Though initially controversial and confusing, the discrepancies revealed in the first press release have pique considerable curiosity now that the interim results have been published. Richard Horton, editor-in-chief of The Lancet, shares:
“This study is the very first peer-reviewed evidence that this particular type of vaccine platform, the adenoviral vector, can actually stimulate an immune response that protects against getting severe COVID-19…although still lots of questions remain…I think it is worth just pausing to say this is a stunning achievement.”
The researchers working on the candidate argue that gauging the difference is likely to not be a matter of anomalies and are exploring the potential biological mechanisms underpinning efficacy rates. It is suggested that the lower first dose is either more effective at stimulating T cells or at establishing memory, which is triggered by a second dose boost. It is also possible that the mystifying effects are a combination of both hypotheses – only further study can tell.
What is special about the AstraZeneca-Oxford candidate?
Despite the discussed pitfalls of the trial, the promises that the AstraZeneca-Oxford coalition aims to offer cannot pass unnoticed. The research group has been working on adenoviral vectors for over a decade, previously focussing on infectious diseases that usually receive less attention and funding. With the onset of the pandemic, the Oxford researchers put all other vaccine projects on the back burner—or, rather, the refrigerator—and pivoted their work. With the garnered support and mobilization of funding, the researchers were able to deliver what seems to be a safe and effective vaccine candidate within 8 months.
From the outset, the partnership aimed to develop a low-cost, easily distributable vaccine: committed to ensuring the availability and accessibility of this preventative medicine in low-resource settings. The vaccine was carefully designed so that it would cost US$2-3 per dose and be easily distributed within existing, potentially limited, healthcare infrastructures.
Currently, not only do pharmaceutical giants Moderna and the Pfizer and BionNTech partnership all seek to gain profit from their candidates, but the RNA technology also necessitates being kept at −70 ºC until shortly before administration. This presents an expensive logistical nightmare for many healthcare administrators, particularly those in low and middle-income settings rendering the RNA vaccines out of reach to many. In light of this, the AstraZeneca-Oxford vaccine is a welcomed, equitable addition to the growing toolkit to overcome the virus.
The Wrap Up
Indeed, there are still some puzzle pieces about the trial that need to be put together. The loose strings left in the interim results don’t tell us, for example, how long protection lasts and if vaccinated persons are still contagious. And, yes, more data does need to be collected about the dosing discrepancy along with more robust knowledge of the evoked immune response.
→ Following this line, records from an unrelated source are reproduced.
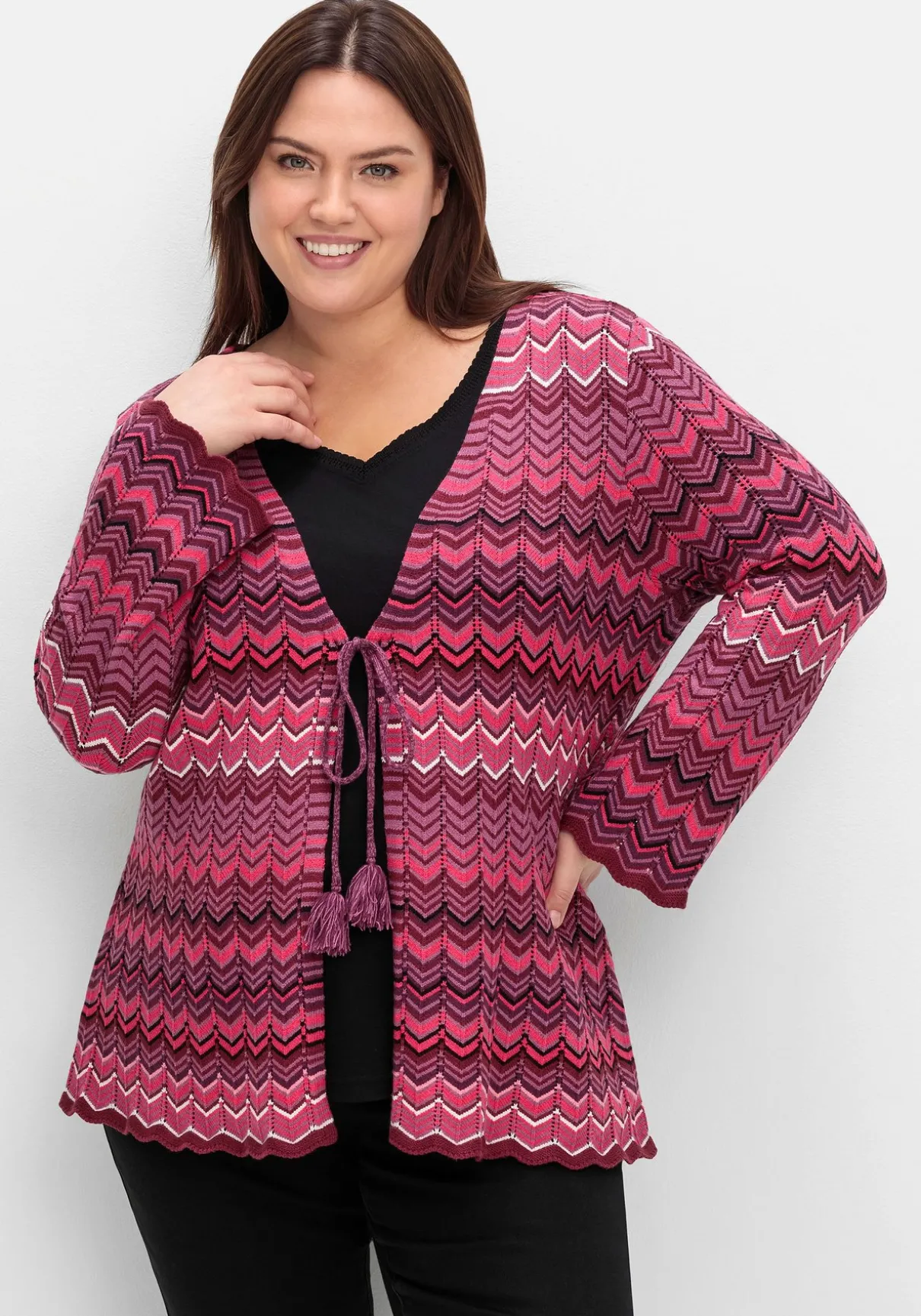 Strickjacke mit Trompetenärmeln, im Zickzackmuster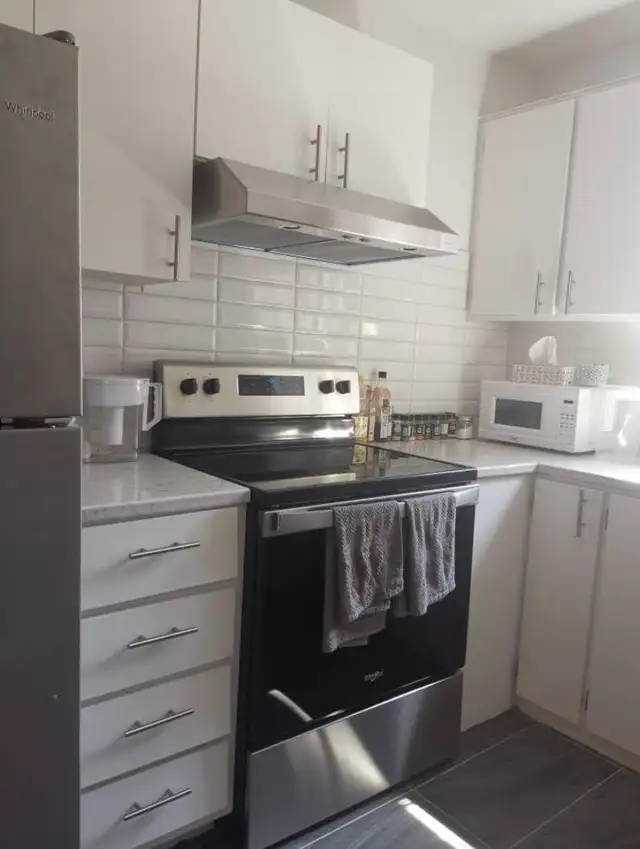 Summer Sublet: $550 All-Included Room  (May 1st – June 30th) - Photo 6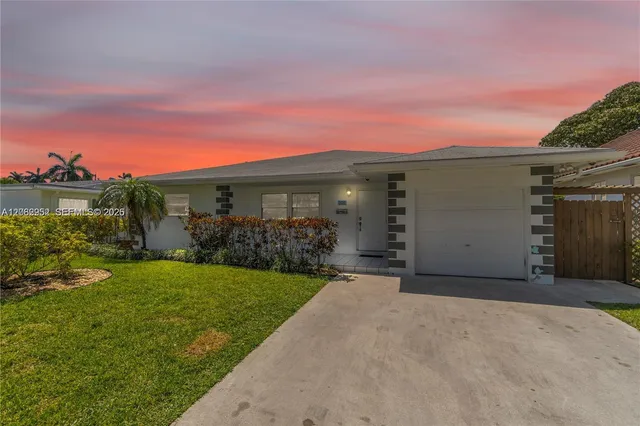 3-bedroom rental at 806 NE 4th Street #., Hallandale Beach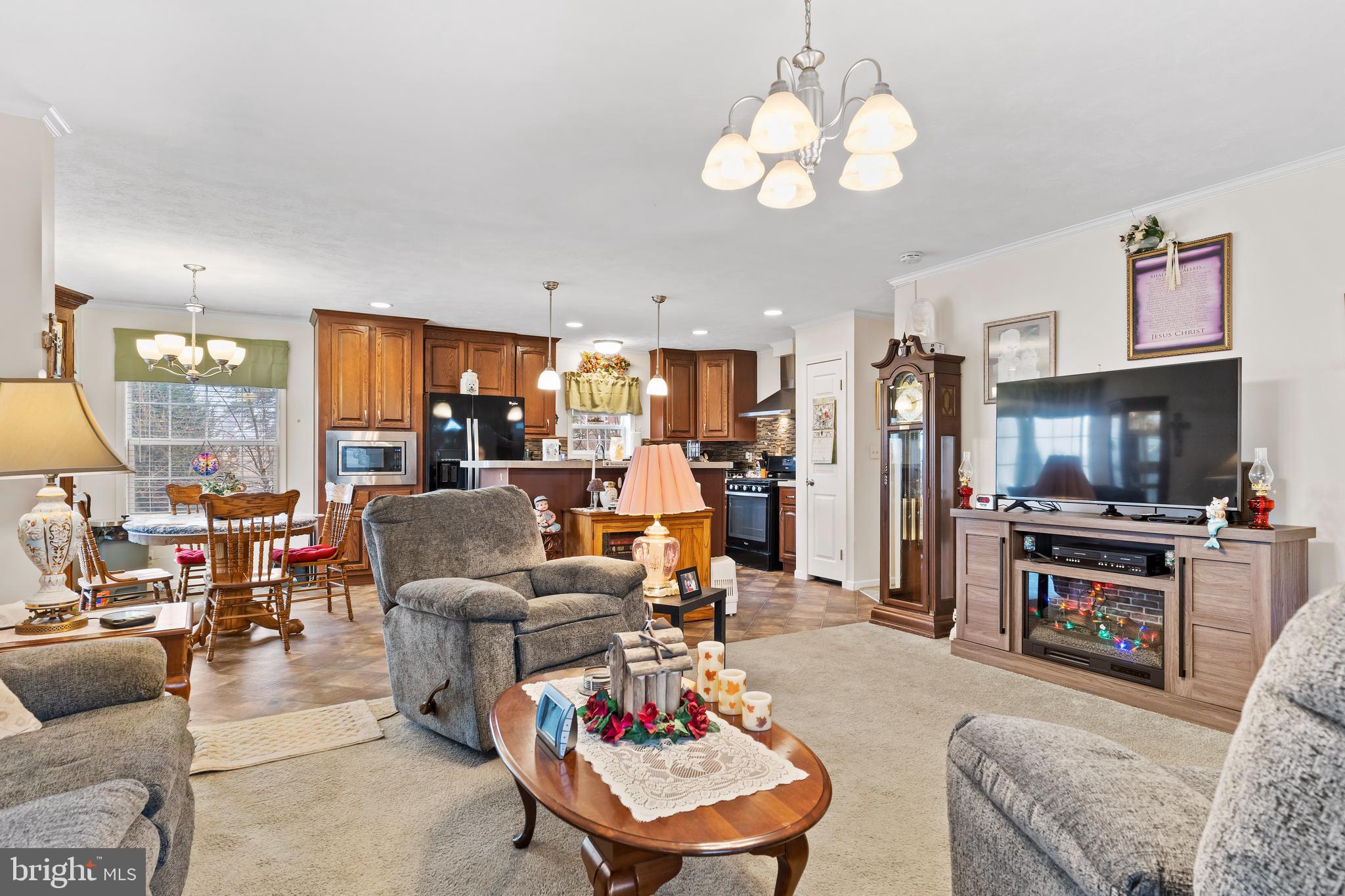 PINE MANOR - Residential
Nevertheless, what a truly remarkable feat that exemplifies what can be achieved when funding agencies and scientists underpinned by bioethical framework combine efforts. 2020 was tumultuous, to say the least, but to close with what will most likely be one of the most definitive global health success stories of the 21st century is an incredible tenet of progress to have potentially witnessed: a testament to the tenacity of humans in the face of great challenge.